● **RECORDS TO USE**:
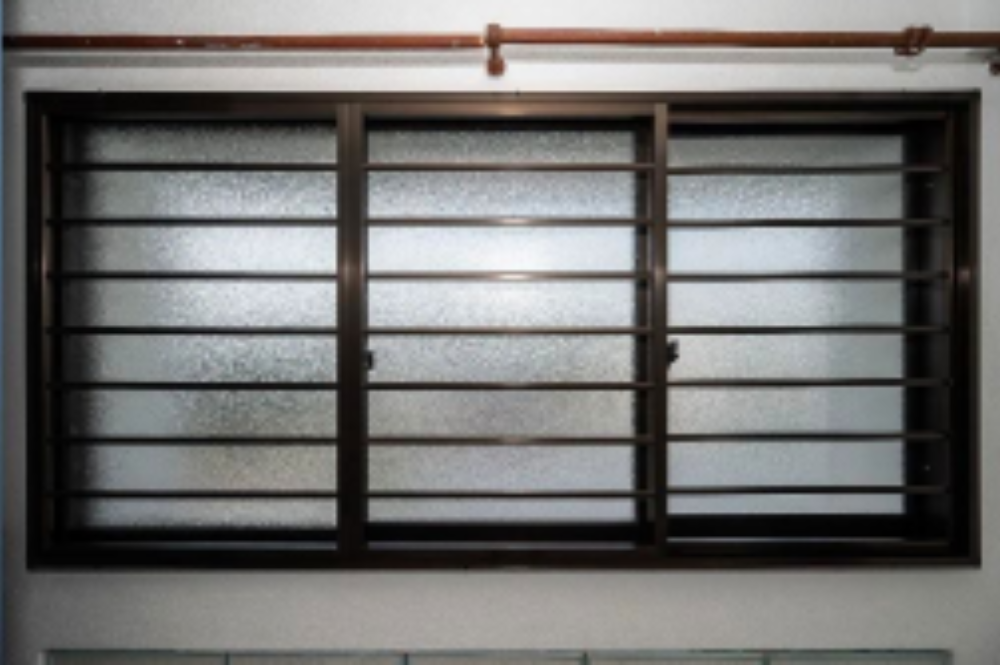 Sliding Window with Grilles Bronze Frame with Orange Skin Glass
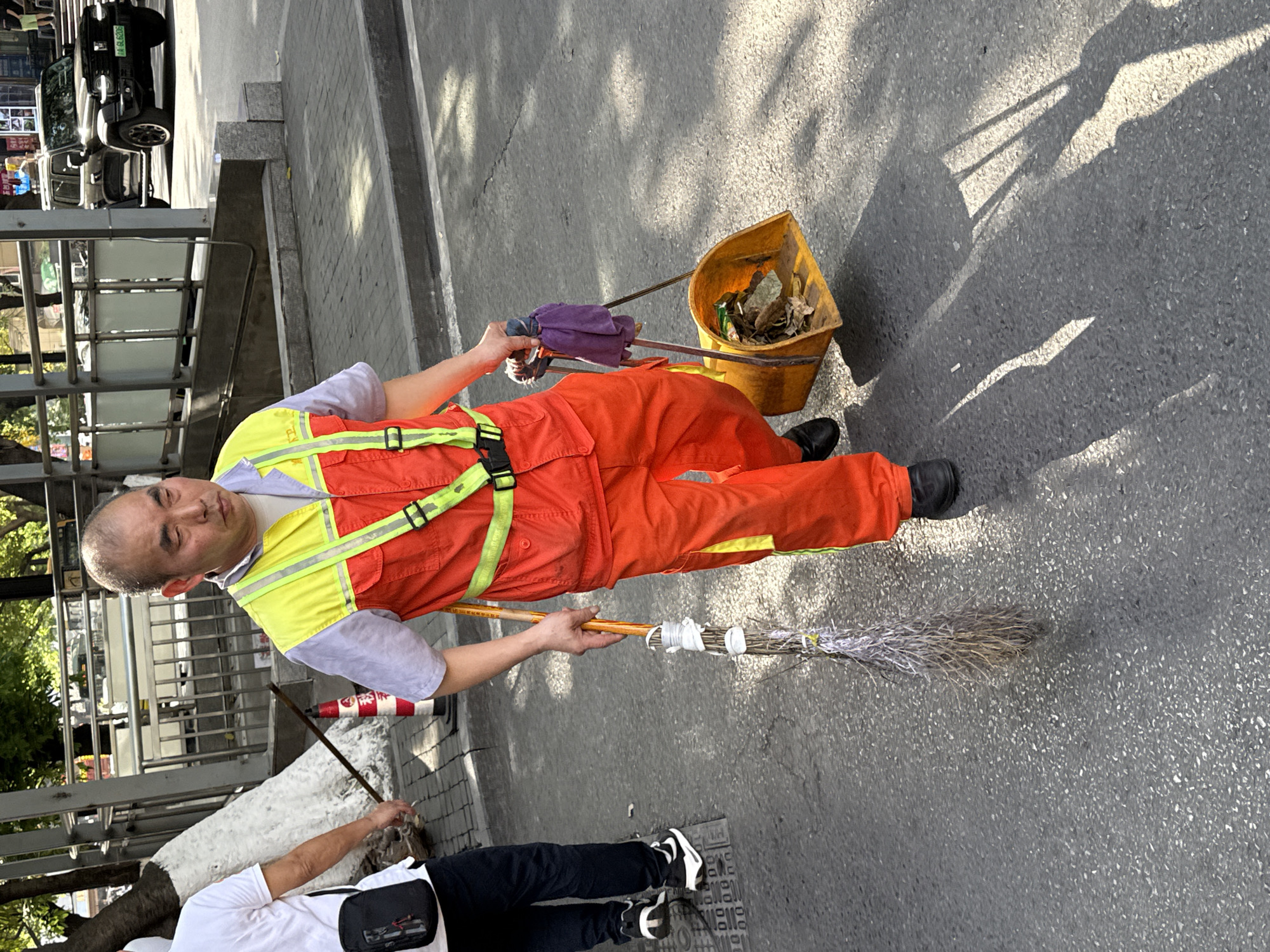 The image, taken in Yuzhong District, China, depicts a street cleaner at work on an urban street or sidewalk during daylight hours.
The primary subject is a man wearing a bright orange jumpsuit with a yellow reflective safety vest over a light-colored short-sleeved shirt, and black shoes. He has a shaved head and a neutral, possibly weary, expression. He is holding a traditional-style broom made of bundled twigs or fibers in one hand, and a long-handled tool with a purple cloth wrapped around it, leading to a yellow, open-top bucket or dustpan filled with litter, in his other hand.
Partially visible in the lower left foreground is another person, seen from the back, wearing a white t-shirt, black pants, and sneakers, carrying a stick.
The setting is an outdoor, paved area, likely a street or busy pedestrian path. The ground is asphalt, and strong sunlight casts distinct shadows, indicating a sunny day. In the background, metal railings suggest a barrier or overpass, and several vehicles, including a black car, are parked or moving. The license plate of the black car is partially visible, showing "渝 A3G9T8," with "渝" being the abbreviation for Chongqing, which includes Yuzhong District. Further back, buildings or structures are visible. A white-painted tree trunk is also present near the bottom left.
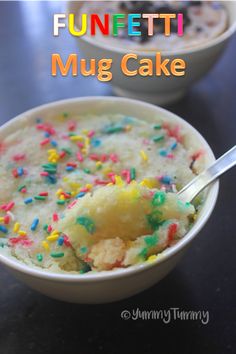 a bowl filled with cake and sprinkles on top of a table next to another bowl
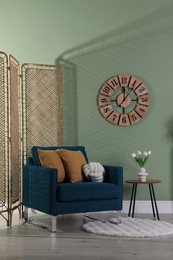 Folding screen, comfortable armchair with pillows and side table in room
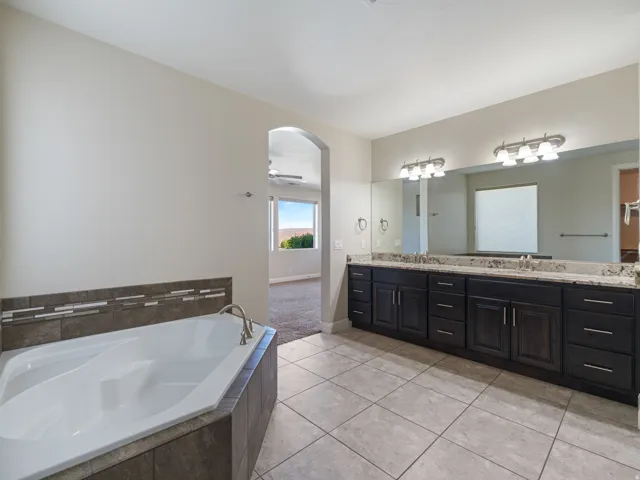 Bathroom featuring a corner soaking tub with tile surround, double vanity with dark wood-finish cabinetry, light-toned countertop, and dual mirrors with vanity lighting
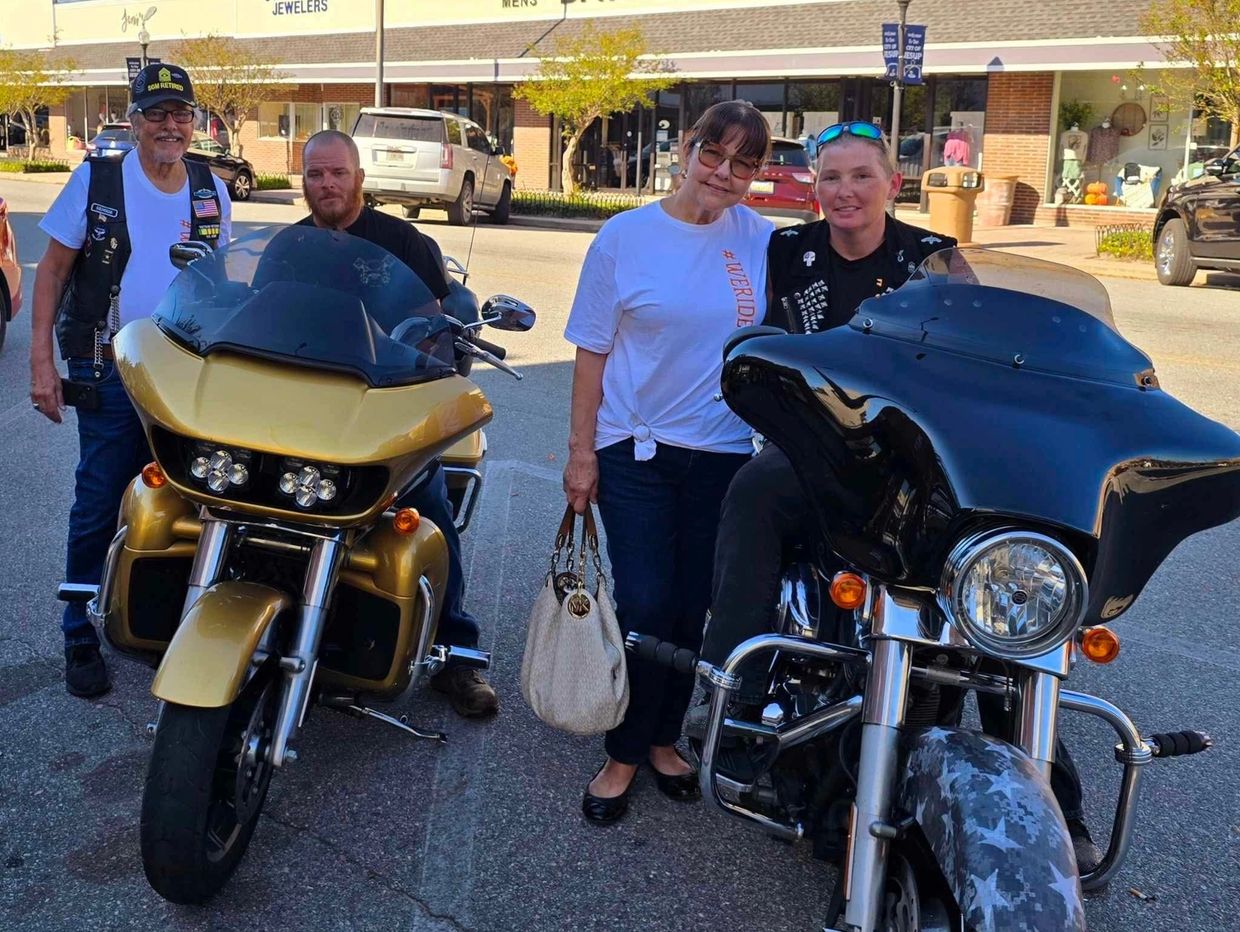 Four people posing with two motorcycles on a sunny day in a downtown area.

● **EXERCISE PROMPT**: Everything starting at the line containing "Partially visible in" and ending at the line containing "The setting is" in the records above should be repeated exactly, and only that.

● **OUTPUT**:
Partially visible in the lower left foreground is another person, seen from the back, wearing a white t-shirt, black pants, and sneakers, carrying a stick.
The setting is an outdoor, paved area, likely a street or busy pedestrian path. The ground is asphalt, and strong sunlight casts distinct shadows, indicating a sunny day. In the background, metal railings suggest a barrier or overpass, and several vehicles, including a black car, are parked or moving. The license plate of the black car is partially visible, showing "渝 A3G9T8," with "渝" being the abbreviation for Chongqing, which includes Yuzhong District. Further back, buildings or structures are visible. A white-painted tree trunk is also present near the bottom left.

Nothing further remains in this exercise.